TASK DESCRIPTION >>
Here is the task for the records below: repeat exactly the lines from the one with "Rustic iron Texas sign." to the one with "Brass Glass Tube Wall Lamp - Vakkerlight", both included, and nothing else.
===== INPUT DATA
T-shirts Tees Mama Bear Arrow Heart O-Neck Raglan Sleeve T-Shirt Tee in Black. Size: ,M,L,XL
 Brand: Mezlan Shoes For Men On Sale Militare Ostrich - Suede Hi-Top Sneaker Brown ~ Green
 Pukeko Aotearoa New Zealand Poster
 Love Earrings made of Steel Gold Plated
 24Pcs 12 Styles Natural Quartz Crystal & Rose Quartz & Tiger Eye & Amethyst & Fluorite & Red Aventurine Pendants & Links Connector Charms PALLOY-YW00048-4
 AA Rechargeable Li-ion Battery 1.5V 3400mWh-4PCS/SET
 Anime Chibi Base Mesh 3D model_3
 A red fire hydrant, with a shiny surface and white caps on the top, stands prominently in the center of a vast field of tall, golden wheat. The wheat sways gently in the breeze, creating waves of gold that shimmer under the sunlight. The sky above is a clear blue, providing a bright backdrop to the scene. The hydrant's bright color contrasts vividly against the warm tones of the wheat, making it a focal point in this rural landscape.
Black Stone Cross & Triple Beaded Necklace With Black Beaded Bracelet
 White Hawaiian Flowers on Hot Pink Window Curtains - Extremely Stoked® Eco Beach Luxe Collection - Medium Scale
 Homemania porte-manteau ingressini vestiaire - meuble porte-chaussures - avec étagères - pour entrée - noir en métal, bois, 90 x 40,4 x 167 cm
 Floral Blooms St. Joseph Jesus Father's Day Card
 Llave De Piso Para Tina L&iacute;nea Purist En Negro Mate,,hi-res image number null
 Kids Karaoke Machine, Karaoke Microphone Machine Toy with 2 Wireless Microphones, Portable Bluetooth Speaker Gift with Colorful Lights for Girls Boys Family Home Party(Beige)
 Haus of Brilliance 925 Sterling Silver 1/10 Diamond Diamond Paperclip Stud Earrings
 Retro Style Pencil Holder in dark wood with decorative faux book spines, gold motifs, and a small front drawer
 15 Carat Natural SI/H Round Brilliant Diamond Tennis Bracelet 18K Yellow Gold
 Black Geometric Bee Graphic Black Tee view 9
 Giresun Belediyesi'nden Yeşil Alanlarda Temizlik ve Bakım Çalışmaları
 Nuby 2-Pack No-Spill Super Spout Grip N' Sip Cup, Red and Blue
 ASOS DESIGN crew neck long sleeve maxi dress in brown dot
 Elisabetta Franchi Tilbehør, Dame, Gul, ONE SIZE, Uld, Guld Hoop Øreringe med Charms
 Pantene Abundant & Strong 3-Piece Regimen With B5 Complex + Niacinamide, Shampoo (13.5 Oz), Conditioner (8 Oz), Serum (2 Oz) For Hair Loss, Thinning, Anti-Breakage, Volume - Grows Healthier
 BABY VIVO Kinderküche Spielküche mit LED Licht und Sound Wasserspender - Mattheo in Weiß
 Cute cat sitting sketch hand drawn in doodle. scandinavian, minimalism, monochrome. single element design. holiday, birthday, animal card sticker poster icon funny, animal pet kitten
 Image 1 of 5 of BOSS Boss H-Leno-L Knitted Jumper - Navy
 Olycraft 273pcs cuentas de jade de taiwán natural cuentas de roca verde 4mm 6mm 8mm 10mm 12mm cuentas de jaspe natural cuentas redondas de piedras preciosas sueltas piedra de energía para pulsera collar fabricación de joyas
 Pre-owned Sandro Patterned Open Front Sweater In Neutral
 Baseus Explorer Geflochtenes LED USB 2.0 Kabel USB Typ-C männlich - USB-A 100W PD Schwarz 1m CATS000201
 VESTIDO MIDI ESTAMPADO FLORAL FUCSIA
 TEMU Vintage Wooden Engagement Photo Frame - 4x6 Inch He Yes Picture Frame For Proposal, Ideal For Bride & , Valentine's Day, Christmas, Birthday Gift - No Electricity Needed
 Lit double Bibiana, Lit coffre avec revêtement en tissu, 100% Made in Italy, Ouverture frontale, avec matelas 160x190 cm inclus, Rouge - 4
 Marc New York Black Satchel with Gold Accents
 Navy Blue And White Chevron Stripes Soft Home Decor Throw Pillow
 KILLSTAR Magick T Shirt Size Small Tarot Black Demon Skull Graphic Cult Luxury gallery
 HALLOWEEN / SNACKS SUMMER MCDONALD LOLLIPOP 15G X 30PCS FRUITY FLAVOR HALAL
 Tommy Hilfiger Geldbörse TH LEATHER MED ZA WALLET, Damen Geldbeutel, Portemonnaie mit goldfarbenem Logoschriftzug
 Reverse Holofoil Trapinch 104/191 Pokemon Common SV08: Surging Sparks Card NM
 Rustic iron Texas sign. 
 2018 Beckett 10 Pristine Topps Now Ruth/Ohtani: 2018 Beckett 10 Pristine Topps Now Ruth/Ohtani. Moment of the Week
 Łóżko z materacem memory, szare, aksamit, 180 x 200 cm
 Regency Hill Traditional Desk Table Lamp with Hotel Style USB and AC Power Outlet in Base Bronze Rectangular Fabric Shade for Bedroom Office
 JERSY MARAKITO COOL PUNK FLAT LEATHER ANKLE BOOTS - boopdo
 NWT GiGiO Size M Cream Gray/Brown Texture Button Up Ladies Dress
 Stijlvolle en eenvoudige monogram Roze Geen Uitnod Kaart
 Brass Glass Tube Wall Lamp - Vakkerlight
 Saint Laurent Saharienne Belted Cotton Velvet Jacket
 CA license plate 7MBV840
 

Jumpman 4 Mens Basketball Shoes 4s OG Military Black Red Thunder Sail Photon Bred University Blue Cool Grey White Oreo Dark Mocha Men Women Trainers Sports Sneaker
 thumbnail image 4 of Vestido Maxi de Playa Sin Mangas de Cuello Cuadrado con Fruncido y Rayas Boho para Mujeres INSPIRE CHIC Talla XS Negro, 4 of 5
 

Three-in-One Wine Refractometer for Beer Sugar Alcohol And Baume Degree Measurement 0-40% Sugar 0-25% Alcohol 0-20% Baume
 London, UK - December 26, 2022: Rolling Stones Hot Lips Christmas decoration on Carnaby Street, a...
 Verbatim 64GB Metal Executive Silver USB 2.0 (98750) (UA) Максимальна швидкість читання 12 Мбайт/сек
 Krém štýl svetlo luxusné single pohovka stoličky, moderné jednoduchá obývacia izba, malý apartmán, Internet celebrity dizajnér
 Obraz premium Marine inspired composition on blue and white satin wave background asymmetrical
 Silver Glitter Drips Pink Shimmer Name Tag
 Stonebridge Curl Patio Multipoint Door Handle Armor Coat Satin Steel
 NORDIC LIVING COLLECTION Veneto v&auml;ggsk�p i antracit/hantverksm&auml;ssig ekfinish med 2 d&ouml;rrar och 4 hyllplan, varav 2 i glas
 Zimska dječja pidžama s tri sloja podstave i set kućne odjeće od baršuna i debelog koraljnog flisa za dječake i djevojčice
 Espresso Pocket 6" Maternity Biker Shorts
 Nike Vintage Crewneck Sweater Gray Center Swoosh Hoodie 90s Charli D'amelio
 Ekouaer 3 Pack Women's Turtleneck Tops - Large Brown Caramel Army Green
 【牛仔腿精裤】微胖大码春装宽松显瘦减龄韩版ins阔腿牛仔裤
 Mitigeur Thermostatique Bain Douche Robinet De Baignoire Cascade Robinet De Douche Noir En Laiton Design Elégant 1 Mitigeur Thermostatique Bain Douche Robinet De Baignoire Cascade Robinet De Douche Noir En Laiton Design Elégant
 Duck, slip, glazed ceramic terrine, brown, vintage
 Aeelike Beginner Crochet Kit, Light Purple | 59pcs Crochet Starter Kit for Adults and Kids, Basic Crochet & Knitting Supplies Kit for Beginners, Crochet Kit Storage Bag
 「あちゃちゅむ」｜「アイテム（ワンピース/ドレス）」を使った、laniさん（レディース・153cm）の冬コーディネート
==========
FINISHED TASK >>
 Rustic iron Texas sign. 
 2018 Beckett 10 Pristine Topps Now Ruth/Ohtani: 2018 Beckett 10 Pristine Topps Now Ruth/Ohtani. Moment of the Week
 Łóżko z materacem memory, szare, aksamit, 180 x 200 cm
 Regency Hill Traditional Desk Table Lamp with Hotel Style USB and AC Power Outlet in Base Bronze Rectangular Fabric Shade for Bedroom Office
 JERSY MARAKITO COOL PUNK FLAT LEATHER ANKLE BOOTS - boopdo
 NWT GiGiO Size M Cream Gray/Brown Texture Button Up Ladies Dress
 Stijlvolle en eenvoudige monogram Roze Geen Uitnod Kaart
 Brass Glass Tube Wall Lamp - Vakkerlight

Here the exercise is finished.